Jein’s second collaboration with Spielberg, and his second Oscar nomination, is represented here with several items from the manic World War II comedy 1941. One is the Curtiss P-40E Warhawk “Flying Tiger” prototype filming miniature, which serves as a reminder of Jein’s model-building childhood: The plane flown by John Belushi’s Wild Bill Kelso was cast from the molds of hobby-store models. The hyper-realistic miniature bait shack featured in the Ocean Park Pier sequence, which famously features the runaway Ferris wheel, underscores Jein’s mastery of tools as basic as wood, metal and a paintbrush.
Jein’s collection grew to such epic proportions it was housed all over Los Angeles, in friends’ workspaces and in houses where Jein stored – and restored – ships, helmets and other props from such TV shows as Buck Rogers in the 25th Century, Space: 1999, Battlestar Galactica (including a Colonial Viper hero filming miniature) and V. All of that is here, as well, alongside other treasures and trophies from the films and shows helmed by the filmmakers whose work was inspired and influenced by the man for whom this auction is named, including Charlton Heston’s ANSA flight suit from Planet of the Apes.
“Greg didn’t collect things for their value,” says Jerry Chang. “He collected because he enjoyed these things.”
And the thing he enjoyed most of all was the double-decker bus filming miniature from 1943’s The Dancing Masters, made toward the end of Stan Laurel and Oliver Hardy’s big-screen careers. Zutavern says Jein was desperate to get his hands on the large model, which 20th Century Fox was storing at its “ranch,” which, in 1974, was acquired by California and turned into Malibu Creek State Park. The studio was demolishing its storage facility, Zutavern says, at which point Jein made Fox a deal: “They said, ‘For this amount of money, you have this many days to get this stuff out of here.’ Greg just wanted that bus, but everything else he saved, too” – including material from Lost in Space, such as the miniature all-terrain chariot, and Land of the Giants – “right before they leveled it.”

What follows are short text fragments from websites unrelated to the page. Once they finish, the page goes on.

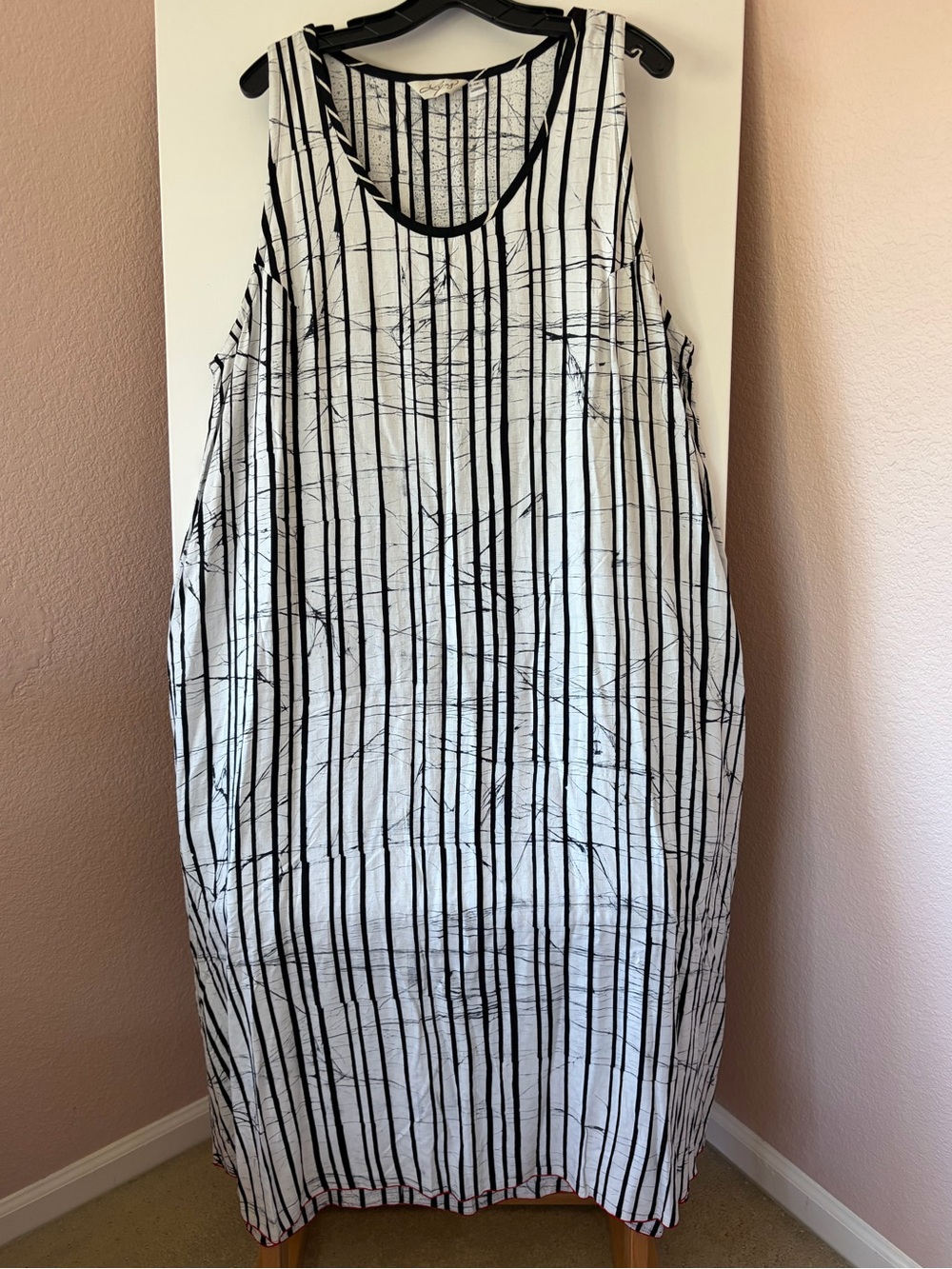 Lyng Designs Vintage Rayon Maxi Dress 1X White Black Bamboo Batik Red Slit
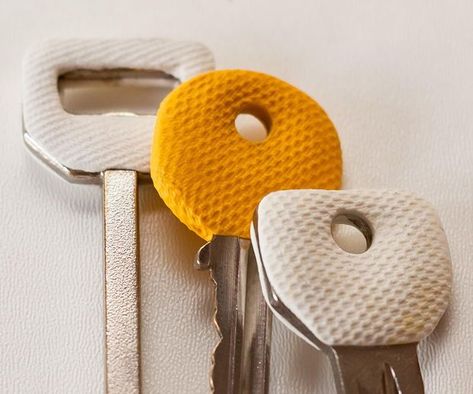 Sugru key cover - Google Search Key Caps, Key Covers, Diy Clay, Design Challenges, Diy Inspiration, Diy And Crafts, Make Your Own, Craft Projects, Diy Decor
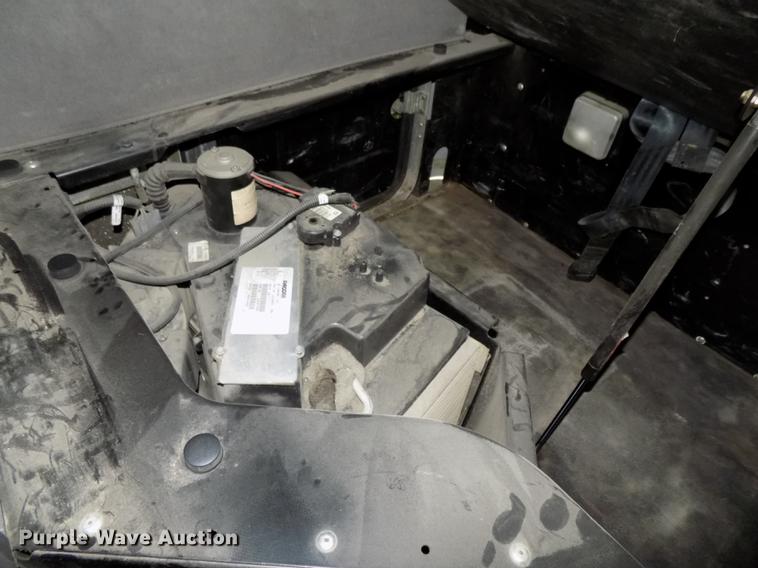 image for item DE7562 2012 Peterbilt Paccar 386 semi truck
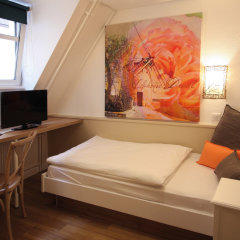 Отель Roses Франция, Страсбург - отзывы, цены и фото номеров - забронировать отель Roses онлайн комната для гостей фото 5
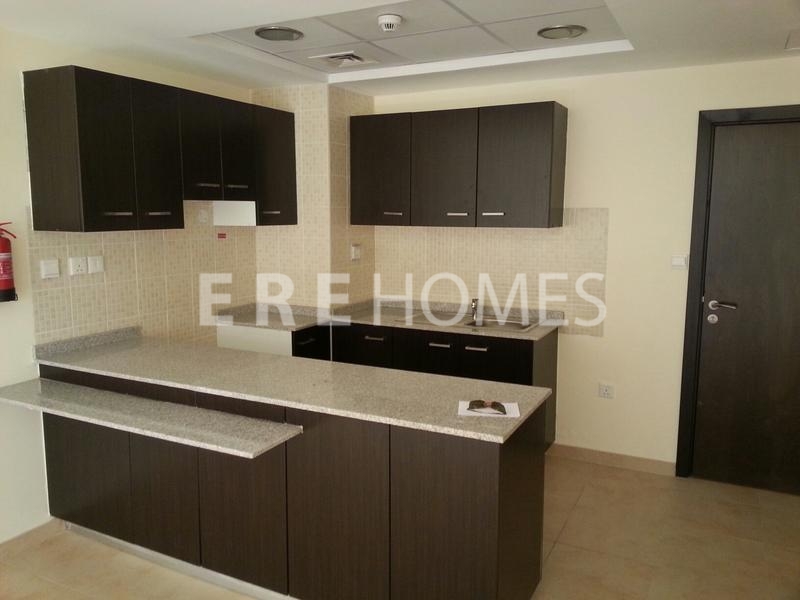 Large 2 Bed In Sought After Location Er R 11891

What studios too often saw as trash, Jein revered as invaluable treasures – links to the past, paths to the future. This auction is possible only because Greg Jein saw the enormous value in Hollywood’s most minuscule things.
“Greg was the ultimate custodian, keeping intact this massive archive never for profit, never for financial gain,” Maddalena says. “This is who he was. This auction is a testament to Greg’s perseverance and his passion.”
ROBERT WILONSKY is a staff writer at Intelligent Collector.